━━━━━ DATA PROVIDED ━━━━━
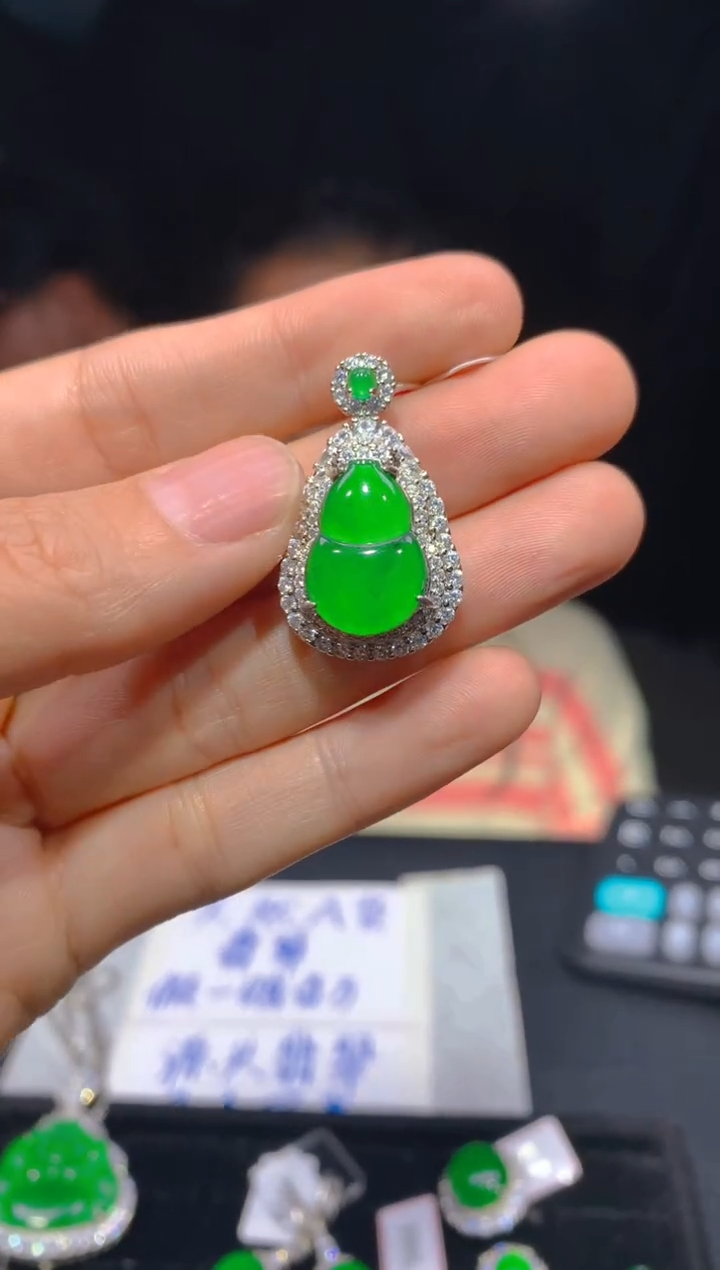 【闪购商品】定制翡翠未镶嵌122多样性发货（发其一）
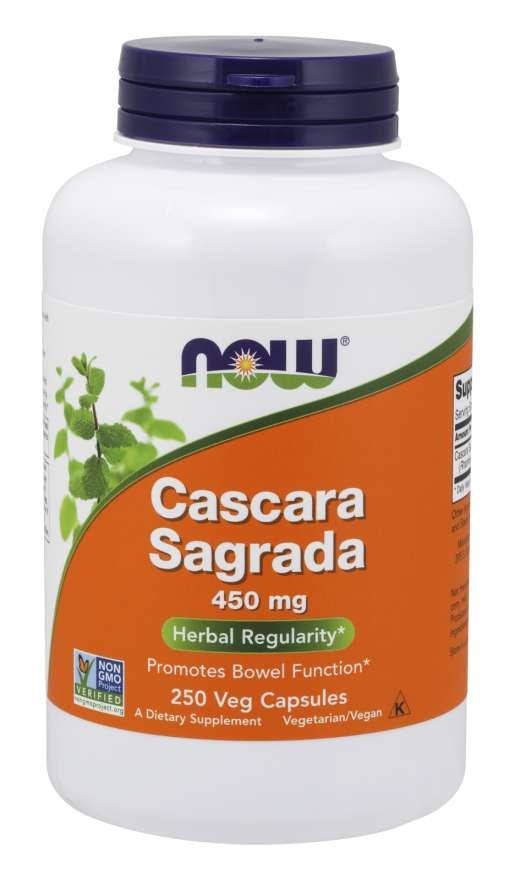 CASCARA SAGRADA / 450 mg / 250 vkaps.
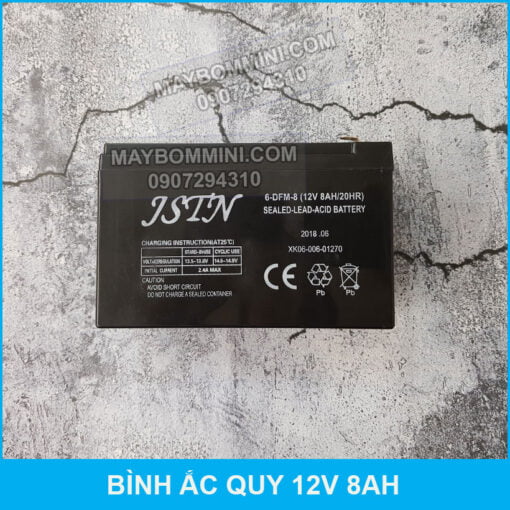 Chuyen Cyng Cap Binh Ac Quy Mini 12v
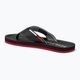 Ανδρικά σανδάλια Tommy Hilfiger Comfort Beach Sandal μαύρα σαγιονάρες 3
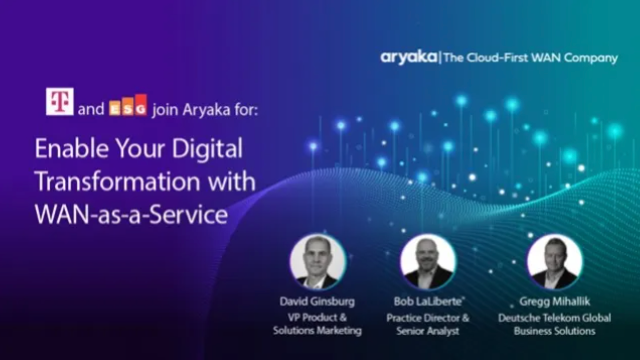 Enable Your Digital Transformation with WAN-as-a-Service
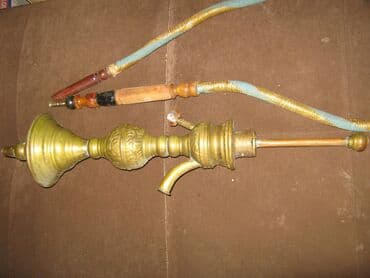 qedimi mirvari: Кальян был куплен и привезён из Египта 15 лет назад, сделан из чистого — 5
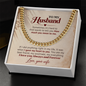 I Gave My Heart to You – Husband Gift Chain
━━━━━
YOUR ASSIGNMENT — Pictures are to be omitted. Print exactly the lines from the line containing "qedimi mirvari: Кальян" through the final line of the material above, both included.

EXERCISE SOLUTION —
 qedimi mirvari: Кальян был куплен и привезён из Египта 15 лет назад, сделан из чистого — 5
 I Gave My Heart to You – Husband Gift Chain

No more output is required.